I started collecting insects when I was a little kid but I went through a period of a decade when I didn’t collect – during my late teens and early 20s when I got into photography and studied ‘easy’ groups like macro-lepidoptera. I was concentrating on the photography and gave up taking specimens because I just didn’t feel that it was necessary. I also had a nagging feeling of guilt in the back of my head that made me believe, as I do today, that life in all its forms has value of a kind and I needed to have a good enough reason to kill insects. Just killing them to posess them or to hang them on the wall as decoration just didn’t “cut it” for me. This feeling wasn’t in any way a huge moral dilemma – it was just a nagging feeling at the back of my mind.

Anyway, in the late 1990s I became intrigued by the large species-lists that  some serious entomologists had created for my local nature reserves and with the encouragement of entomological friends I decided to delve deeper and study groups like parasitic Diptera & Hymenoptera. This of course required that I take up collecting again but that wasn’t in any way in conflict with my conscience. Quite the contrary – it is necessary for my own personal education; any discoveries I made would contribute to the wider understanding of very under-studied groups; and the data gathered during the study would benefit the species concerned.
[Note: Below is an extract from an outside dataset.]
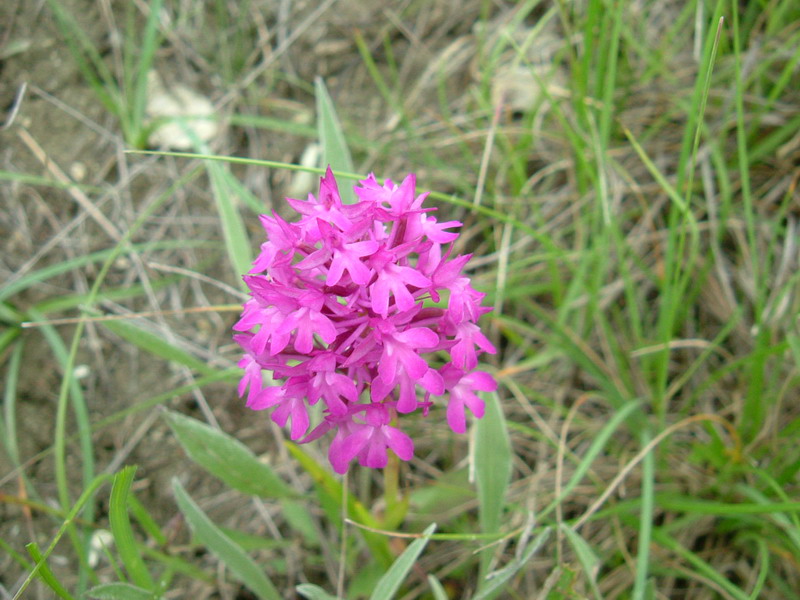 Anacamptis pyramidalis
That’s pretty much where I stand on the topic so, going back to the subject of insects as art, I had very mixed feelings when I saw the display of thousands of dead tropical insects as an art installation. It certainly isn’t gratuitous, in the way that insects are routinely killed in shows like “I’m a celebrity…“, and the artist has tried very hard to only take insects from sustainable sources, such as insect-farms that benefit indigenous peoples and encourage them to protect the rainforests. Displays like this also undoubtably stimulate interest in and admiration of insects in some of those that see them and I am sure that they would encourage some people to become interested in insects. But I also worry that such displays risk opening a very nasty can-of-worms that might actually create an anti-collector backlash.

It also raises an interesting question about the relative worth of animals. Would people feel that it was more or less acceptible if the display had been made from captive-bred, freeze-dried poison-arrow frogs? Are the lives of insects worthy of less thought than higher animals? I still swat mosquitos or horseflies if they are trying to bite me and I have no qualms about spraying a single plant if it has become infested by aphids. But I also catch and release houseflies or wasps and I like to think that I always consider non-deadly measures first.

It also strikes me that, at a time when conservationists are trying to encourage youngsters to respect the world we live in and work to promote biodiversity, it creates a difficult paradox to explain that we value world biodiversity and respect all species … but it’s OK to kill thousands of insects for nothing more than an artistic display or because they look pretty.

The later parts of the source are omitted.